Aortic valve stenosis is the narrowing of the valve that controls blood leaving the heart to the rest of the body. This is a crucial matter as the narrowing causes a decrease of blood to vital organs, leading to shortness of breath, chest pain, blackouts and heart failure.

A TAVR is a procedure that involves threading a long, thin, flexible tube or catheter through the femoral artery in the leg to the heart. From the catheter, a balloon is used to open a new valve inside the aortic valve.
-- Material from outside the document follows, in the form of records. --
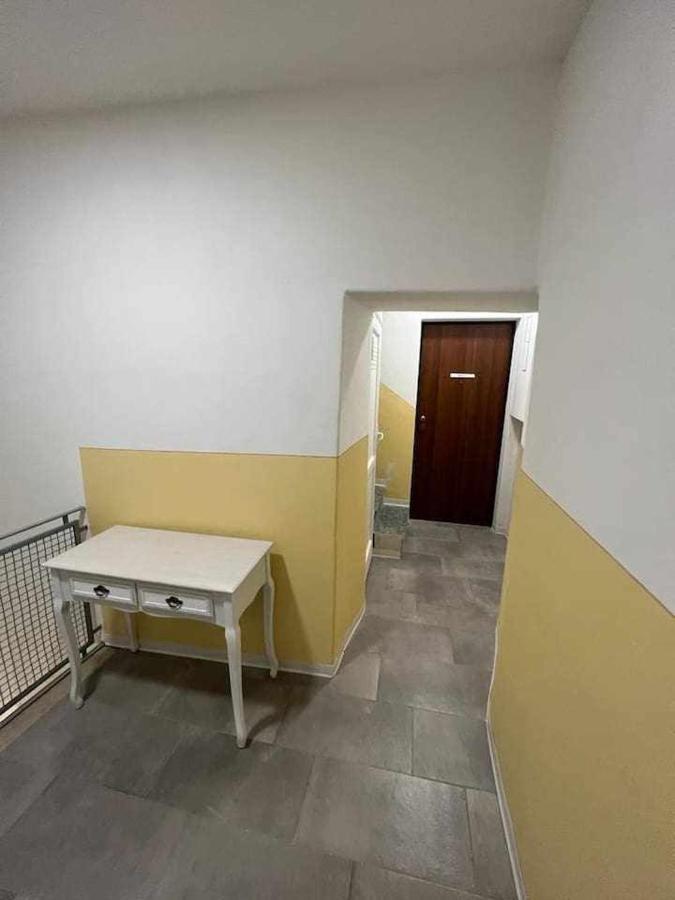 La Stanza Del Manzoni 1 Piano No Ascensore Pavia Exteriér fotografie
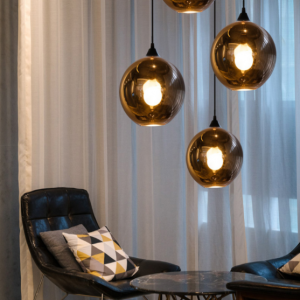 Niche Solitaire Pendant Light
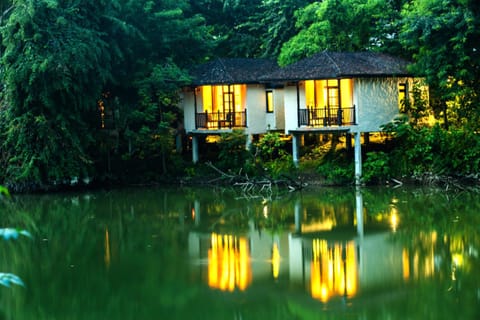 Property building, Day, Natural landscape, Lake view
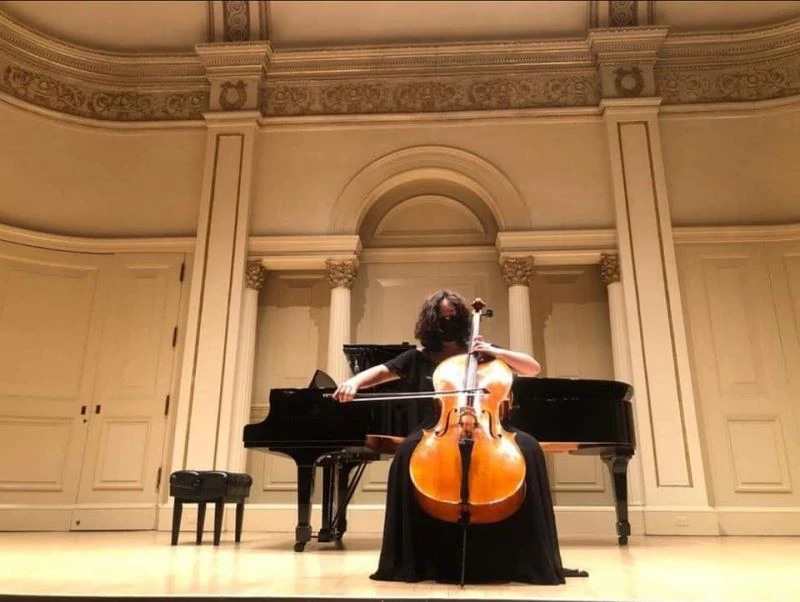 ADÜ Devlet Konservatuarı Öğrencisi Oygür birincilik ödülünü aldı
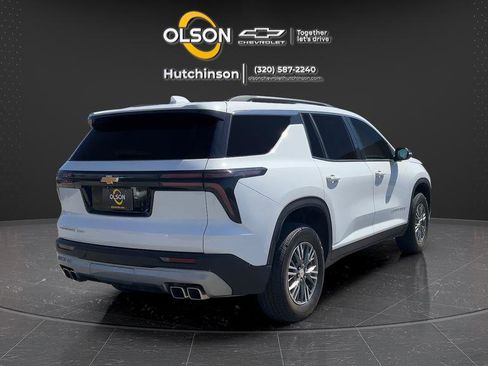 Used 2025 Chevrolet Traverse LT image 8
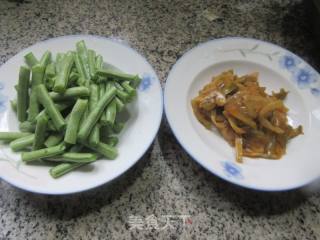 榨菜丝炒四季豆的做法步骤：1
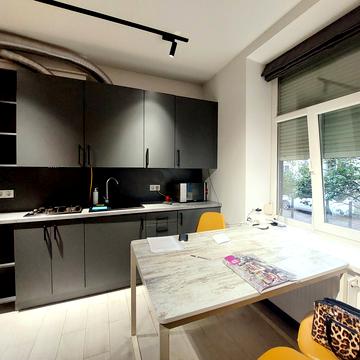 Євгена Коновальця вул. (), 120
For most adults or frail patients, TAVR is an effective and less invasive option to open heart surgery. Unfortunately, in some patients whose hearts have uncommon structures, such as unusually large valve leaflets that open and close the aortic valve or small aortic roots, complications like coronary artery obstruction may occur during TAVR. During a coronary artery obstruction, the leaflets from the native valve can block the artery opening when the new valve is implanted, preventing the flow of blood to the coronary arteries.

BASILICA, is a new technique developed to prevent such complications during TAVR, increases treatment options for high-risk patients who need heart valve procedures. BASILICA involves a cardiologist utilizing an electrified wire the size of a sewing thread through a catheter to split the original leaflet in two so that it cannot block the coronary artery once it has been pushed aside by the new transcatheter heart valve.

“The BASILICA procedure is exciting news for the medical community,” says Dr. Jeffrey Levisman, Chief of Cardiology at MountainView Hospital and Interventional Cardiologist at MountainView's Las Vegas Heart Associates. “There was no good way to prevent TAVR-induced coronary obstruction before. BASILICA allows more patients, who may not have been candidates before, to consider a transcatheter valve replacement.”

BASILICA presents some advantages such as its efficiency and simplicity, it does not leave behind a stent implant (such as “snorkel” stent), it is attractive for patients who are at high risk for surgical aortic valve replacement, and can be performed using moderate sedation and next day discharge.

MountainView hospital is a leader in TAVR, selected as one of seven sites nationally to serve as a model for the minimalist approach. This approach involves avoiding surgical incision at the site of entry of the catheter as well as not utilizing general anesthesia, which can delay recovery. This technique has been shown to improve outcomes and decrease all complications.